The sql:column function can be used in the same way. Instead of providing the value of a
parameter, it takes the value from the specified column in the current row in
the table. For example, this code creates an XML fragment based on a root
element named result,
which contains the product ID as stored in the column named ProductRowID in
this row of the table; plus the name and description extracted from the XML
document in the ProductXML column:
SELECT ProductXML.query(‘
<result>
<product_id>{ sql:column("ProductRowID")
}</product_id>
<product_name>{ data(//name) }</product_name>
<product_description>{ data(//description)
}</product_description>
</result>
‘)
FROM ProductList WHERE ProductRowID = 25
Playing with XQuery in SQL Server
The syntax for XQuery can, as you’ve seen
in this article, become somewhat complex. To allow you to experiment more
freely with XQuery, we provide a simple "test" application that
executes an XQuery against SQL Server 2005. Figure 3 shows the application in
use, and you can see that there is a selection of queries provided that you can
run and modify – or you can simply type in your own XQuery and execute it. The
queries we provide demonstrate most of the functions and methods described in
this article.
Figure 3 – The
XQuery Tester application that is available to download and use to experiment
with XQuery
Summary
Over the last few years, XML has moved from being a way to
mark up documents so that they can be parsed by special applications, into a
standard way to transport, persist and manipulate rowset data. The development
of the XML Schema and XML Infoset standards means that XML is now a
fully-fledged and widely used data format, and is increasing supported in
modern applications, tools and programming libraries.

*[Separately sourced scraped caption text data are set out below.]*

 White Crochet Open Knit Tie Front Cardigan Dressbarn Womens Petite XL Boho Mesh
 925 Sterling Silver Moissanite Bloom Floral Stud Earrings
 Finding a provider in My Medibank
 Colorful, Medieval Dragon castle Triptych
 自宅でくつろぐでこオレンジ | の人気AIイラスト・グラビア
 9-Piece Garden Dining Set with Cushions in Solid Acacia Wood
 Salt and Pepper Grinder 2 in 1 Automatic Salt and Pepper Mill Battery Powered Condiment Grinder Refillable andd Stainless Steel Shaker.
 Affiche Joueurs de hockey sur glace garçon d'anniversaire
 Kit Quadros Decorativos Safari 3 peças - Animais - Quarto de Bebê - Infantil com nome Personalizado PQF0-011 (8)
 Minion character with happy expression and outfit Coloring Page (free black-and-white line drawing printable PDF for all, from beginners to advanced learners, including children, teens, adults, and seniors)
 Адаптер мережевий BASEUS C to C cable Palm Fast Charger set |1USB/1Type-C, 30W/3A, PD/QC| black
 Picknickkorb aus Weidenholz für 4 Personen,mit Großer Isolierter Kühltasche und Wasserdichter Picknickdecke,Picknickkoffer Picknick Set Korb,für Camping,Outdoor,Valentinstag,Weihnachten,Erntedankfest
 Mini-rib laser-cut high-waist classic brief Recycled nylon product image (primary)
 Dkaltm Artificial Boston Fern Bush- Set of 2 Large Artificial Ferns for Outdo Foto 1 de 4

The one issue with XML has always been storage. Unlike
relational data, where established and proven technologies exist to manage
storage, querying and updating, XML has long been considered to be mainly a
disk-based or stream-based format. But databases such as Oracle, and now SQL
Server 2005, provide great ways of managing XML.
In SQL Server 2005, the topic of this article, there is a
schema repository, a new XML column type, support for a subset of the XQuery
language, and an implementation of XML-DML. In combination, these features
allow developers to work with XML in similar ways to relational data.
This article, the first of three, has given you an overview
of these new features in SQL Server 2005. In the following articles, we move on
to look at how you can improve the performance of your applications, and
provide a more robust environment for working with XML data, using the
techniques and features of SQL Server 2005 described here.